| Data for analysis |

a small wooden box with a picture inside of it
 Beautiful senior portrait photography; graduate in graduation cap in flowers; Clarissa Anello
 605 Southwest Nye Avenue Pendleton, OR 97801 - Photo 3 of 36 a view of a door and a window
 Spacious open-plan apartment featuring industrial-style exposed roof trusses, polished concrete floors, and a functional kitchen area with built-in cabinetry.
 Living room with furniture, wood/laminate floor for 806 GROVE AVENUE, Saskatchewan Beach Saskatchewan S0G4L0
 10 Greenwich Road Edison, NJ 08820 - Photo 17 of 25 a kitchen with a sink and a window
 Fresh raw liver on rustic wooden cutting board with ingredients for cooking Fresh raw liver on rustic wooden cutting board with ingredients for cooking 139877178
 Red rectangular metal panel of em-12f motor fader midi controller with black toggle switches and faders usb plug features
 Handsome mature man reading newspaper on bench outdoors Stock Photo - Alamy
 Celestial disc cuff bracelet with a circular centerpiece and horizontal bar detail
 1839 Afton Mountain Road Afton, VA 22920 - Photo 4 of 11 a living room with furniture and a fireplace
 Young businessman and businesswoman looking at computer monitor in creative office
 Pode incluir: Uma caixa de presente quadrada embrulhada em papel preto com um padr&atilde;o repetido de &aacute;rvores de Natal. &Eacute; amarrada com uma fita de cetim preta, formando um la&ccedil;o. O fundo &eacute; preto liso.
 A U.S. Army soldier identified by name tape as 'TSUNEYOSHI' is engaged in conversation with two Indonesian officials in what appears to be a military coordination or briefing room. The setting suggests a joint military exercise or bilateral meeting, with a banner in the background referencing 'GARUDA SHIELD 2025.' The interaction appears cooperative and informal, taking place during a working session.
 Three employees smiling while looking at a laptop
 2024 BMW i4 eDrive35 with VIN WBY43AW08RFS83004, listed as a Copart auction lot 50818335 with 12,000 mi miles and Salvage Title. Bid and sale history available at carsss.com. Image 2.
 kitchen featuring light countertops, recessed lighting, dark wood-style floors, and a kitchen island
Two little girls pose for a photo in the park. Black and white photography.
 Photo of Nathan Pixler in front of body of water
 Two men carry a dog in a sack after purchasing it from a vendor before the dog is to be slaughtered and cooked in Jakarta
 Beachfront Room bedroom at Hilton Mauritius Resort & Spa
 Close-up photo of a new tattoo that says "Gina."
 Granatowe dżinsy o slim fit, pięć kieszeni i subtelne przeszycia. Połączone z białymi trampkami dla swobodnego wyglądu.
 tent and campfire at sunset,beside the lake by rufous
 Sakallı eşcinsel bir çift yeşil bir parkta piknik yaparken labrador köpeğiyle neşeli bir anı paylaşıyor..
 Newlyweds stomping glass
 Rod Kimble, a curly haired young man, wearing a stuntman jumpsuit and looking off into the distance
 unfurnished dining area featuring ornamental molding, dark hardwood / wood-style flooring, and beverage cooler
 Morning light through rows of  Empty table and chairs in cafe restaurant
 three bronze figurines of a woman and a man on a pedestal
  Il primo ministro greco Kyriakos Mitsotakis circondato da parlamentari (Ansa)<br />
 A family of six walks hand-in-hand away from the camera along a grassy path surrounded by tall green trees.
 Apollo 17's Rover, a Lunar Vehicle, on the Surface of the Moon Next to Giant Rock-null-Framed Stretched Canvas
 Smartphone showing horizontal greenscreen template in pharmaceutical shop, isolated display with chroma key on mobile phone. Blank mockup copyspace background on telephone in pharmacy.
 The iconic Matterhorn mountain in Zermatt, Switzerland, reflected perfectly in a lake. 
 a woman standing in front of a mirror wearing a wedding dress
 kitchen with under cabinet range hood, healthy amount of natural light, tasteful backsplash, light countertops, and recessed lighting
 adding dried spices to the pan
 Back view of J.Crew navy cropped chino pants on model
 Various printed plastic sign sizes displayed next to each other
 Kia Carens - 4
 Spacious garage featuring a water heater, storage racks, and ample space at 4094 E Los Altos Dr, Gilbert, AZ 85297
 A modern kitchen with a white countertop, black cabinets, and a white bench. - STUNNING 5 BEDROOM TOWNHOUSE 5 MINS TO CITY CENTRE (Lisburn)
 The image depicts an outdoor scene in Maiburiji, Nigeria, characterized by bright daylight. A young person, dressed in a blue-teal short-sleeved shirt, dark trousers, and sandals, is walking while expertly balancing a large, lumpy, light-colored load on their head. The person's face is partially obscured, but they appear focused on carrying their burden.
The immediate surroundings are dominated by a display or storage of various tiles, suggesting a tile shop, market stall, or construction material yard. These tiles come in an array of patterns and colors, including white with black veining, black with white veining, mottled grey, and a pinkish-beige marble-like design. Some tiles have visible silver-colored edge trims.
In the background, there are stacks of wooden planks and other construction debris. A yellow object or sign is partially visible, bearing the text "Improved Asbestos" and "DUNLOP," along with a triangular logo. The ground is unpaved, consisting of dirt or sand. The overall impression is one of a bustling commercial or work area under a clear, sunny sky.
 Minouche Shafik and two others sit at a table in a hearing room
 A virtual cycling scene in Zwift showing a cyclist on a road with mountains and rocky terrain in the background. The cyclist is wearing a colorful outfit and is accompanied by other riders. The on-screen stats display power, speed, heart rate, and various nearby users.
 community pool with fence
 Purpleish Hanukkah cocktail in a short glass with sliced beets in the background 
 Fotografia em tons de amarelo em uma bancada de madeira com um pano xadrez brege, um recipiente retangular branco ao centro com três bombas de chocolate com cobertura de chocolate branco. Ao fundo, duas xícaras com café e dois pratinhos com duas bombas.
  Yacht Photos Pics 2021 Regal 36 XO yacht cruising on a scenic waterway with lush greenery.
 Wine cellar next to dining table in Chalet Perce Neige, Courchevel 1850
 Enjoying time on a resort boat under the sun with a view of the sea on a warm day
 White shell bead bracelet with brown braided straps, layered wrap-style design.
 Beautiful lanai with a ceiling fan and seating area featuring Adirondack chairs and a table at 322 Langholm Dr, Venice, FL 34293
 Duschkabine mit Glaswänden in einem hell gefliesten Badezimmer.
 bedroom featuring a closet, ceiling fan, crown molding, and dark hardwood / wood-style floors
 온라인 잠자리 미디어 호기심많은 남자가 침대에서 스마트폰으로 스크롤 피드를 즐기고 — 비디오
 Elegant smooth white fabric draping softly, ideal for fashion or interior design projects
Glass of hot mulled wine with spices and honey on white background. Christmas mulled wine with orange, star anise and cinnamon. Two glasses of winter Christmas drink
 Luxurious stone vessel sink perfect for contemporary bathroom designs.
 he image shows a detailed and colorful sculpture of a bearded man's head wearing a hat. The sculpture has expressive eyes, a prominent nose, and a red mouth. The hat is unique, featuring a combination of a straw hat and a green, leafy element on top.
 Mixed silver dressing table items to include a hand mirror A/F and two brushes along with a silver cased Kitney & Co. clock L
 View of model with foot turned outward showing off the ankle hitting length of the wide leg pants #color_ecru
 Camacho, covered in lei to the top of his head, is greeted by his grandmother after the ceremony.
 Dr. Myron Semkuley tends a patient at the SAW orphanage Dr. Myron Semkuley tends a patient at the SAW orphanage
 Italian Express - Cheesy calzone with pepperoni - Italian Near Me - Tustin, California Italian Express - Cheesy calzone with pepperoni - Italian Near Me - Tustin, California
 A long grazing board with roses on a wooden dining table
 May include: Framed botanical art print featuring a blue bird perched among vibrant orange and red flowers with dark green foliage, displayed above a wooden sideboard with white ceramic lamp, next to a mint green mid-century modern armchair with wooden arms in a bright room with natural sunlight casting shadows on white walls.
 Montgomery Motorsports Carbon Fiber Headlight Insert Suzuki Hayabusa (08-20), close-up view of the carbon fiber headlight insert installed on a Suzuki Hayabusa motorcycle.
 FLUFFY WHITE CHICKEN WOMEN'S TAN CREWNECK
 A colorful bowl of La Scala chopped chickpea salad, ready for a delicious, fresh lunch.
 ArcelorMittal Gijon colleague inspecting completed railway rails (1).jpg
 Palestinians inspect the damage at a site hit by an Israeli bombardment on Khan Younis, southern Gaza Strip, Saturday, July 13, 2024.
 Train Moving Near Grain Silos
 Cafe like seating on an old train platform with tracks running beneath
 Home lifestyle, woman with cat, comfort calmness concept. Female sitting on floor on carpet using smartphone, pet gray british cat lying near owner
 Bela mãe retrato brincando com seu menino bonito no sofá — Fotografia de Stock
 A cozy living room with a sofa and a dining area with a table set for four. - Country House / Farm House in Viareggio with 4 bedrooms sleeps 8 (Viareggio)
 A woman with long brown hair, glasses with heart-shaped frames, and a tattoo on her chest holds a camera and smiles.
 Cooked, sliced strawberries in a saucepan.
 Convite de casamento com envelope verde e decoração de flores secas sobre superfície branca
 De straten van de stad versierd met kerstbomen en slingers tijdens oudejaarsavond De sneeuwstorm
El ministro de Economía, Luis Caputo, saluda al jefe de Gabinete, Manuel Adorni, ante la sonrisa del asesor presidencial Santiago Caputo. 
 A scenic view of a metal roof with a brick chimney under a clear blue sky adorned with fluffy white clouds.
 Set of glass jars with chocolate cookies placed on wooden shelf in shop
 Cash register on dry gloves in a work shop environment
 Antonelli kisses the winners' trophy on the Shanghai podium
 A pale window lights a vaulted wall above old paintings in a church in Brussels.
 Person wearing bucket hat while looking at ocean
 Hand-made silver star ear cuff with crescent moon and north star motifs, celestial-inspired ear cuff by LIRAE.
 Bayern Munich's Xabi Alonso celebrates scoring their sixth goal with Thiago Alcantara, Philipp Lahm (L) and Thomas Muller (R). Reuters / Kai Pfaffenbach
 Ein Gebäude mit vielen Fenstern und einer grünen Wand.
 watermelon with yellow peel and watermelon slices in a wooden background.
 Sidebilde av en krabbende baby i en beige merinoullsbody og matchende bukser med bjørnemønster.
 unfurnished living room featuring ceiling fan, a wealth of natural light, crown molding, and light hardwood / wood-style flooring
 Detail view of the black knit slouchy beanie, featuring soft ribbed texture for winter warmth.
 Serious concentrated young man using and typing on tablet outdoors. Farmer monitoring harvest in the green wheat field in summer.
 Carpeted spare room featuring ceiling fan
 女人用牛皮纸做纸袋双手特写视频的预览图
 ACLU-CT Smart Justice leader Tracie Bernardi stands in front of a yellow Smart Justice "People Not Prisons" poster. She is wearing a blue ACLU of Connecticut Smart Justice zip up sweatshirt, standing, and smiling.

| About this task |
Return each line of the material in which the string "unfurnished" can be found.

| Expected answer |
 unfurnished dining area featuring ornamental molding, dark hardwood / wood-style flooring, and beverage cooler
 unfurnished living room featuring ceiling fan, a wealth of natural light, crown molding, and light hardwood / wood-style flooring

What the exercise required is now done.